**HOW TO COMPLETE THIS TASK:**
Once the line containing "Nick Kay of" is found in the entries below, restate it and each following line word for word, stopping after the line containing "Cremfarbenes T-Shirt mit".
(EXTRACTED DATA)
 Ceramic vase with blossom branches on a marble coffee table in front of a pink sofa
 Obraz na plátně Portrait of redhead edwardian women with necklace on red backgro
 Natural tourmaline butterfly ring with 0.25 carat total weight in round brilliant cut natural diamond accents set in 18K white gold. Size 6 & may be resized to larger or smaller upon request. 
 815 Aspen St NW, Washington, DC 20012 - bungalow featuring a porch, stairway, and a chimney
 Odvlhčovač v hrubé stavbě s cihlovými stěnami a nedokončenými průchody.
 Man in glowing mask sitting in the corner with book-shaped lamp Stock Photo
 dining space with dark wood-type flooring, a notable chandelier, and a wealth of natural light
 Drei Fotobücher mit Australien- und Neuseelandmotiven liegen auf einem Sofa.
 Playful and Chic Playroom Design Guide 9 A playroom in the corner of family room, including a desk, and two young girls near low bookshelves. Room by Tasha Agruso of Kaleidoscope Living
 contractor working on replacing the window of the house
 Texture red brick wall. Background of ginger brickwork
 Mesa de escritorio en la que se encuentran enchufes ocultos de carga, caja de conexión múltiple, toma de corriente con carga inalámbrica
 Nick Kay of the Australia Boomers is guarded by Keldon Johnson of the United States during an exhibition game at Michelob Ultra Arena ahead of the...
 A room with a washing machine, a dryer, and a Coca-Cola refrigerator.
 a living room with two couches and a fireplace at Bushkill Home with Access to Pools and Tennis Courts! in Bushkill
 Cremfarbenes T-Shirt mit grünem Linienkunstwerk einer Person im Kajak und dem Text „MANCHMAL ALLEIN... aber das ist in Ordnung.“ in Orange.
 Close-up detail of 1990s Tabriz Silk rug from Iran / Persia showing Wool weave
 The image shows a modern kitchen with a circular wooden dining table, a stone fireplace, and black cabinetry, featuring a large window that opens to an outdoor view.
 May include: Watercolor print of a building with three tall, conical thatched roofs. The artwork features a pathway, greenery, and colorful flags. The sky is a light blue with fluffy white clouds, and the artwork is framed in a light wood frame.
(End EXTRACTED DATA)
**ANSWER FOR THE TASK:**
 Nick Kay of the Australia Boomers is guarded by Keldon Johnson of the United States during an exhibition game at Michelob Ultra Arena ahead of the...
 A room with a washing machine, a dryer, and a Coca-Cola refrigerator.
 a living room with two couches and a fireplace at Bushkill Home with Access to Pools and Tennis Courts! in Bushkill
 Cremfarbenes T-Shirt mit grünem Linienkunstwerk einer Person im Kajak und dem Text „MANCHMAL ALLEIN... aber das ist in Ordnung.“ in Orange.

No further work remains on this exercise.